One of the mortgages was given about 84, and the other 66 years before the sale. The referee does not find when they became due, nor who has since been in possession; but he states that no evidence was given of payment upon them, or of an acknowledgment of indebtedness thereupon, at any time; and he therefore finds they have been paid and satisfied. Without explanation, the presumption of payment arises from the lapse of time, in favor of a mortgagor in possession. (Ang. on Lim., 492 et seq., andcases there cited; 2 Hill on Mort., ch. 27; 2 Sug. on Ven. Pur., 361; Matt. on Pres. Evid., 329 et seq., 352 et seq.; 2 R.S., 301, § 48.) It would have been more satisfactory if the referee had found the facts in relation to the possession, c.; but he has found the mortgages paid and satisfied; and theonus, after this great lapse of time, may be considered to rest upon the purchaser. I think these mortgages constitute no valid objection to the title. *401
The important question in this case is as to the validity of the deed to O'Brien; for if the conveyance to him was not authorized, the purchaser at the sale upon the mortgage he gave should not be compelled to fulfill his contract of purchase.
Some eminent jurists in this state have said that land held in trust is inalienable. (See Wood v. Wood, 5 Paige, 600;Hawley v. James, id., 318; S.C., 16 Wend., 61; Coster v. Lorillard, 14 id., 265; Kane v. Gott, 24 id., 641;Irving v. De Kay, 9 Paige, 530; S.C., 5 Den., 646; VanEpps v. Van Epps, 9 Paige, 237.) And §§ 63 and 65 of the article "Of Uses and Trusts" no doubt have had an important influence in the construction of several wills, which have taken effect and have come before the court since those sections have been in force. Chief Justice Savage, in the case of Lorillard's will, remarked in relation to a clause which it was contended authorized a sale of the income at least of trust property, "the statute is paramount and must control the provisions in the will." (14 Wend., 304.) And the language of Mr. Justice Nelson and some of the other members of the court was very much to the same effect.

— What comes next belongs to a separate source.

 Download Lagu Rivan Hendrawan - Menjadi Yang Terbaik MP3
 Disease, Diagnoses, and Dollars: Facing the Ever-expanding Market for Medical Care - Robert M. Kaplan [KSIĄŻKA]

Section 63 inhibits the assignment or disposition of the interest of a person beneficially interested in a trust for the receipt of the rents and profits of lands. And by § 65 every sale, conveyance, or other act of trustees, in contravention of the trust, is declared to be absolutely void, where the trust shall be expressed in the instrument creating the estate. (1R.S., 730.) In this case, the trustees by the deed creating the trust, are to have, take, collect and receive the rents, issues, profits and other income of the property, for the separate use and benefit of the cestui que trust, and apply the same to her separate use. This is a valid trust within § 55, and the estate passed to the trustees so long as the execution of the trust should require it. But the same deed also, in express terms, authorizes the trustees *402 to sell and convey all or any part of the trust premises, or any other premises in which the proceeds thereof may be reinvested, and invest the proceeds in any other real estate; or on bonds and mortgages within the state, or in certain public stocks, c., and to alter and change such investments; and the rents and profits and income thereof are to be applied upon the same trusts. And the question is, whether a sale of the real estate or a portion of it by the trustees, under these provisions in the trust conveyance, is in violation of the statute.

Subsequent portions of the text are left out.